Sunday, September 16, 2012

THE KINGDOM OF GOD

"But seek first His kingdom and his righteousness, and all these things will be added to you as well."  - Mt. 6:33.  

These words of Jesus are so simple and attractive, yet very difficult to live out.  Where does a person  begin to find "His Kingdom" and does one start seeking after it?

Jesus knew his disciples, both then and now, would struggle with this question and he sought to answer it  in the 13th chapter of Luke.  He begins by asking, "What is the kingdom of God like? It is like yeast that a woman took and mixed into a large amount of floor until it worked all the way through."  (Luke 13:20-21).

Baking bread was familiar to everyone in Jesus' time.  People in that time understood the effort required to kneed yeast through a large ball of dough and they knew well the visual transformation that takes place when yeast takes action and bread begins to rise.  This visual picture is lost of some of us today.

Perhaps a modern picture, more familiar to us all, is the spread of cancer in the human body.  Few words carry as heavy an impact in our society as cancer does today.  It is a truly frightening condition that has touched each of us in some way, shape or form.  Hence, we are all too familiar with the slow, hidden transformation that can take place inside a person's body, and the drastic visual changes that cancer can have on the way a person looks or acts.   Cancer of any kind, be it of the skin or brain, is the result of repetitive insults and invasions to our cells causing them to become altered and grow in abnormal ways.  These altered cells, if left unattended, can spread to other organs in the body unleashing a domino effect of destruction that cannot be stopped despite even the best modern day medicine has to offer.  

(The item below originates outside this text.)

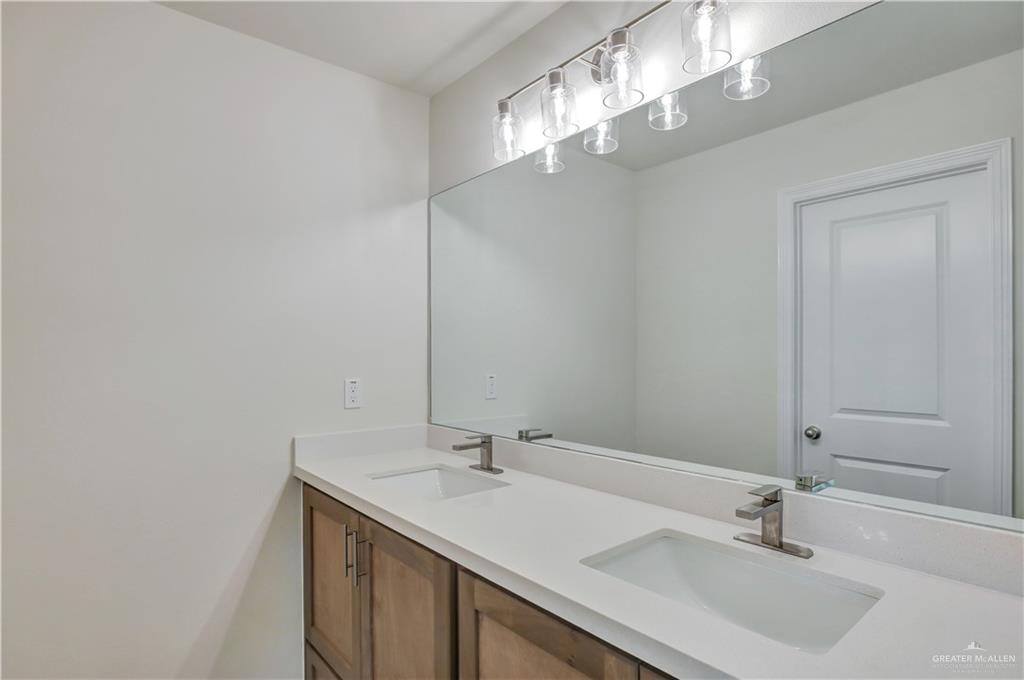 1810 Stirrup Circle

In the same way that bread with yeast is completely different from bread without, and that cells with cancer behave very differently than cells without, a human life seeking after the kingdom of God and one seeking after anything else look completely different.

Paul writes in Romans 7:21-25, "So I find this law at work: When I want to do good, evil is right there with me. For in my inner being I delight in God's law; but I see another law at work in the members of my body, waging war against the law of my mind and making me prisoner to the law of sin at work within my member.  What a wretched man I am!"

Seeking the kingdom of God is so difficult because of the selfishness that lives in us all.  Like bread requiring yeast to be pounded into it through and through or a human cell that can only be changes by repetitive insult and injury, you and I are in need of a forceful change at the deepest level.  This forceful change can only come by way of God's word which is "living and active. Sharper than any double-edged sword, penetrating even to dividing soul and spirit, joints and marrow; it judges the thoughts and attitudes of the heart." (Hebrews 4:12).  Only by making ourselves vulnerable to God's word over and over again, by allowing it to pound away at the depths of who we are, allowing ourselves to be broken and changed, do we stand any chance at seeking the kingdom of God.

However when change begins to happen, when the selfishness that we like to live by is replaced by a spirit of service and a desire to give away one's life instead of keep it, that is God's kingdom.  In the same way that bread with yeast rises, our lives will start to look different.  The alterations in our priorities and values will spread like cancer through out bodies, causing our arms and legs to take action in service to others.  Our eyes will be changed as we look for ways to serve others rather than be served.  Our minds will be changed so that we look out not for our own interests but instead for the interests of others.  Living out the kingdom of God comes quite naturally once we start seeking it and the seeking begins by daily placing ourselves before God's word.